I was inspired by a podcast called The 500 hosted by Los Angeles-based comedian Josh Adam Meyers. His goal, and mine, is to explore Rolling Stone Magazine's 2012 edition of The 500 Greatest Albums of All Time.
Album: # 339
Album Title: The Heart Of Saturday Night
Artist: Tom Waits
Genre: Blues, Jazz, Folk
Recorded: Wally Heider Studios, Hollywood, California
Released: October, 1974
My age at release: 9
How familiar was I with it before this week: A little
Is it on the 2020 list? No
Song I am putting on my Spotify Playlist: (Looking for) The Heart Of Saturday
For the third and final time, we have a Tom Waits record on The 500. Previously, I wrote about 1985's Rain Dogs (#399) and Mule Variations (#416), which was released in 1999. The Heart Of Saturday, is the second studio album from Waits and my favourite of the three. The album cover depicts an exhausted Waits, smoking a cigarette outside a cocktail lounge while a blonde woman observes him a short distance away. The moody, night-life cover reflecting the melancholy of Waits' songs was inspired by the 1955 Frank Sinatra record, In The Wee Small Hours -- an album which is also on The 500, at #101. Waits' music isn't for everyone. His gravelly voice is off-putting to some and others find his lyrics, which focus on the underbelly of society, depressing and sometimes morose. In the 80s and 90s, Waits became increasingly experimental. He dabbled with cacophonous, industrial sounds and bizarre, sometimes grotesque, arrangements on later releases. However, this record, The Heart Of Saturday Night, and his debut release, Closing Time, are more conventional and likely more appealing to most listeners.

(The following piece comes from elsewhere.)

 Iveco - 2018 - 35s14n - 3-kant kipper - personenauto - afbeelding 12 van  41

If I were to introduce the uninitiated to Waits, I would play them side two from Saturday Night long before revealing Mule Variations, Rain Dogs or Bone Machine. Indeed, much about the tone of those records can be gleaned from the titles and album covers alone.I discovered The Heart Of Saturday Night while working as a bartender in the late 90s. |
Garlics Restaurant - my home away from home for 12 years |
One particularly busy night, this record was in the rotation. At that time I was less familiar with the songs on it, so I was taken by surprise when Rob, a waiter who is still my good friend, walked by and, with an impish smile, said plaintively:
"Colder than a whale-digger's ass."
Talk about your non-sequitur. I was flummoxed and, as Rob walked away to continue serving customers, my head swirled with questions.
"What the hell is a whale-digger?"
"Was whale-digging something out of Moby Dick?"

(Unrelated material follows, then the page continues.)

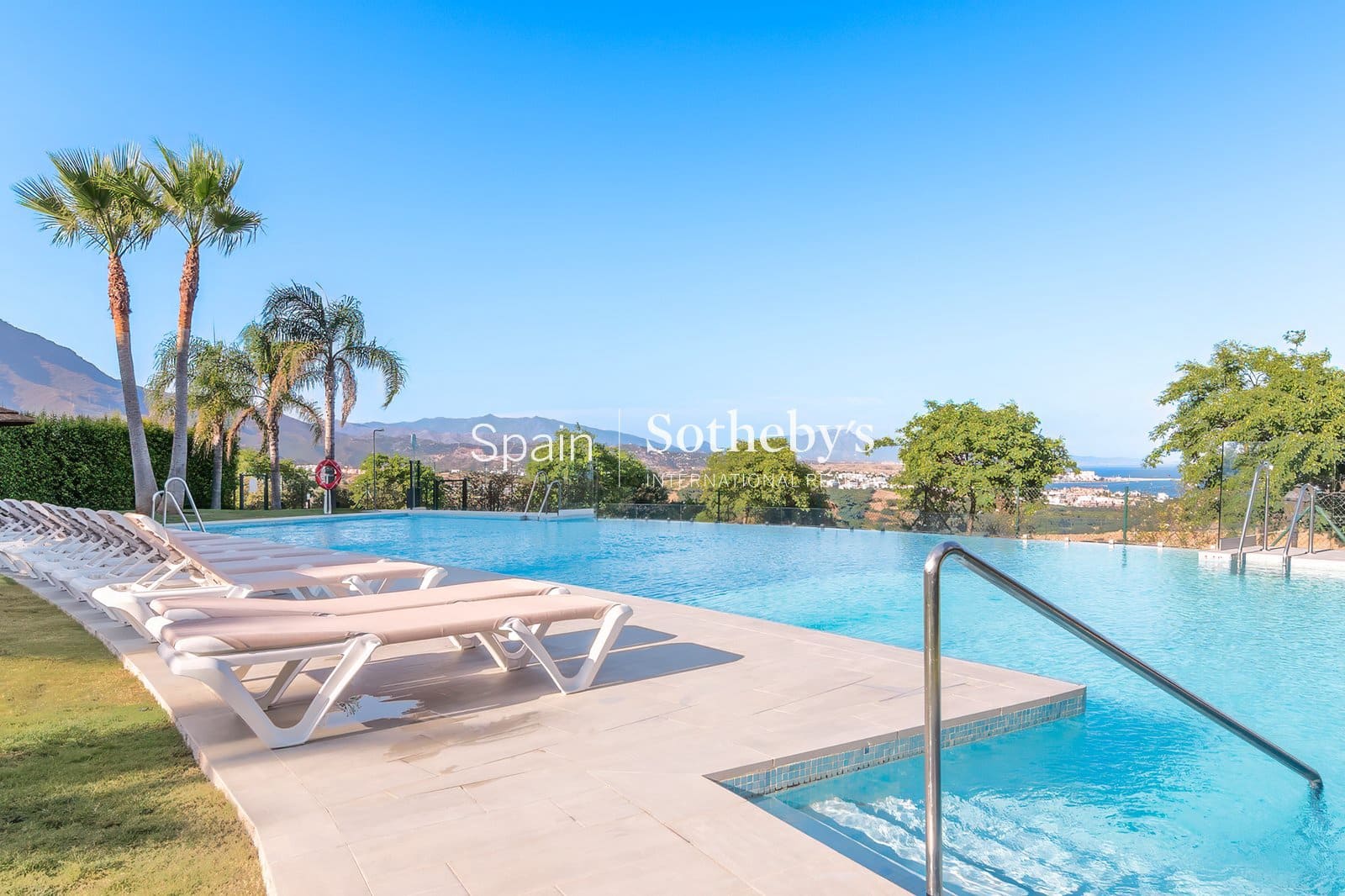 3 quarto Penthouse para venda em Casares com piscina garagem - 1 150 000 € (Ref: 9606841)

"Maybe they are sea-hardy fishermen who harpoon sperm whales in order to dig for the precious ambergris deep in their intestines?"
"I suppose that would be cold work, right?"

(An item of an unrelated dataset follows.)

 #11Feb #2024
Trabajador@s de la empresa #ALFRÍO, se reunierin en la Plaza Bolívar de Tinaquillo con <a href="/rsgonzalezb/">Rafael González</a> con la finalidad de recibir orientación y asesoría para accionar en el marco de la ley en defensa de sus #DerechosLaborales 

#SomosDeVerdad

"Why did Rob say he was cold?"
Some time later, I got a chance to ask Rob to clarify. "What did you mean with the whale-digger's ass?"
"Not whale...well-digger's ass", he clarified, "on the Tom Waits record." "Colder than a well-digger's ass", I would learn, is a popular idiom in the southern United States. Waits' writes it into the fifth track on side one, Diamonds On My Windshield, a beatnik-style, spoken word, jazz performance that includes this verse:
"And a Wisconsin hiker with a cue-ball head
He's wishing he was home in a Wisconsin bed
But there's fifteen feet of snow in the East
Colder then a well-digger's ass
And it's colder than a well-digger's ass"
Diamonds On My Windshield is an unexpected departure from the other tracks on the record, which are perfect late-night, wine-sipping music. In fact, I was playing it in my classroom during a recess period this week. A few students stayed behind to play cards (aka: avoid the cold weather). As the record played, one piped up and said:
"This is the kind of music you hear in a fancy restaurant."
He was spot on, and I highly recommend The Heart Of Saturday Night for your next dinner party, or any time when the wine is close at hand and you want to escape into Waits' melancholy and wistful world for an hour.
And I'm still not convinced that the job of "whale-digging" doesn't exist.
Cocktail Party Fact
In 1979, Tom Waits sat down for an interview with Australian TV host Don Lane. Many believe the strange interview, available here on YouTube, helped inspire Heath Ledger's performance at The Joker for The Dark Knight movie. Unfortunately, Ledger died in 2008, so it can't be confirmed. You be the judge.